Le décret de 2012 et le manque de vigilance
Un décret de 2012 a soumis à l’autorisation du Premier ministre toute privatisation ou concession dans le secteur de l’énergie. En 2011, un rapport du Conseil d’Inspection de l’Etat (DDK) avait en effet attiré l’attention sur les risques élevés en matière de sécurité et de santé dans les mines. On aurait pu s’attendre à ce que l’examen des demandes soit plus scrupuleux.
Or il semble que ça n’a pas été le cas puisque les accidents se sont multipliés. A tel point que les trois partis d’opposition ont demandé, il y a trois semaines, la formation d’une commission parlementaire pour en rechercher les causes et proposer des solutions. Cette demande a été perçue comme une mesure d’obstruction par l’AKP, le parti de Tayyip Erdogan, et finalement rejetée. Erdogan a déclaré avoir lu les procès-verbaux des discussions parlementaires pour affirmer que les députés de l’opposition n’avaient rien dit sur Soma. Il s’est trouvé que c’était loin d’être vrai. La presse, dont les propriétaires font souvent des affaires dans le secteur de la sidérurgie, n’a pas insisté.
Les propos déplacés du Premier ministre
Erdogan est connu pour son impulsivité et ses coups de sang. Il avait déjà rabroué un agriculteur qui lui avait reproché sa politique en disant : «nos mères pleurent !» (expression turque qui signifie «nous sommes dans un pétrin pas possible»). Et le Premier ministre de lui répondre au tac-au-tac : «prends ta mère et tire-toi !». Dernièrement, il joutait avec le bâtonnier du Conseil national des barreaux. Il lui avait lancé, «tu es grossier, tu es un menteur !».
Dernier épisode en date : l’accident à Soma. Le Premier ministre est venu prendre des nouvelles mais ses propos lors de la conférence de presse ont stupéfié tout le monde. Il a déclaré que les accidents étaient «dans la nature des choses» dans ce métier et a donné des exemples. Le fait de sortir ses notes, de chausser ses lunettes et d’énumérer des catastrophes minières qui ont eu lieu à l’étranger au 19è et au 20è siècles a littéralement sidéré les proches des victimes. Il a d’ailleurs étrangement pris la défense de la société d’exploitation avant d’avoir toutes les données en mains.

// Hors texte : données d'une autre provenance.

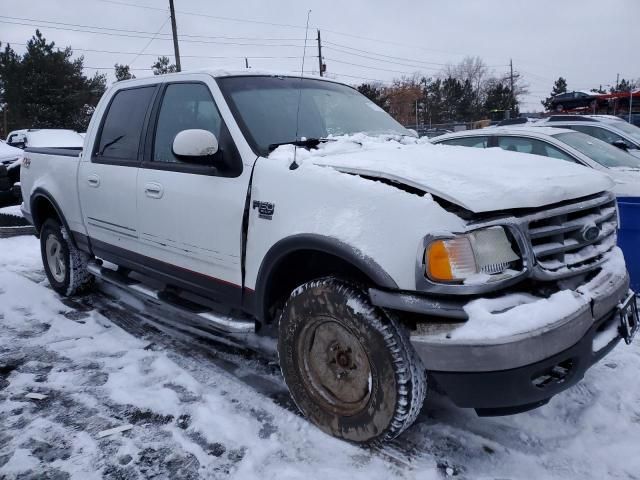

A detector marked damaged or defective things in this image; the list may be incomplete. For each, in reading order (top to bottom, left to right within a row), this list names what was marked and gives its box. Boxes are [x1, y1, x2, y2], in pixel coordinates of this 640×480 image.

damaged hood [300, 139, 616, 214]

Les gestes choquants du Premier ministre et de son entourage
Lors de sa visite à Soma, Erdogan a été fraîchement accueilli. La présence d’une foultitude de gardes du corps pour un homme politique qui se targue d’être proche du peuple a suffi à exaspérer la foule. Celle-ci l’a conspué, pis, sa voiture, qui a été banalisée afin d’échapper à la colère du peuple, a été secouée.
Le chef du gouvernement, fidèle à lui-même, s’est emporté. Il a interpellé l’un des manifestants en lui disant, «lorsque tu conspues le Premier ministre de ce pays, tu dois t’attendre à recevoir une baffe» ! A une autre personne qui l’apostrophait, il a lancé, «viens me le dire en face!» avant de le suivre jusqu’à l’entrée d’une supérette et de le bousculer. La vidéo qui le montre en train de l’agripper par le cou a fait le tour du monde. Au même moment, on entend une voix proférer l’insulte, «semence d’Israël». L’AFP a immédiatement diffusé l’information.
Le même jour, un conseiller d’Erdogan, Yusuf Yerkel était en train de flanquer des coups de pied à un proche de victime à terre. Les tentatives de justification du porte-parole de l’AKP, Hüseyin Celik, ont ajouté à l’exaspération.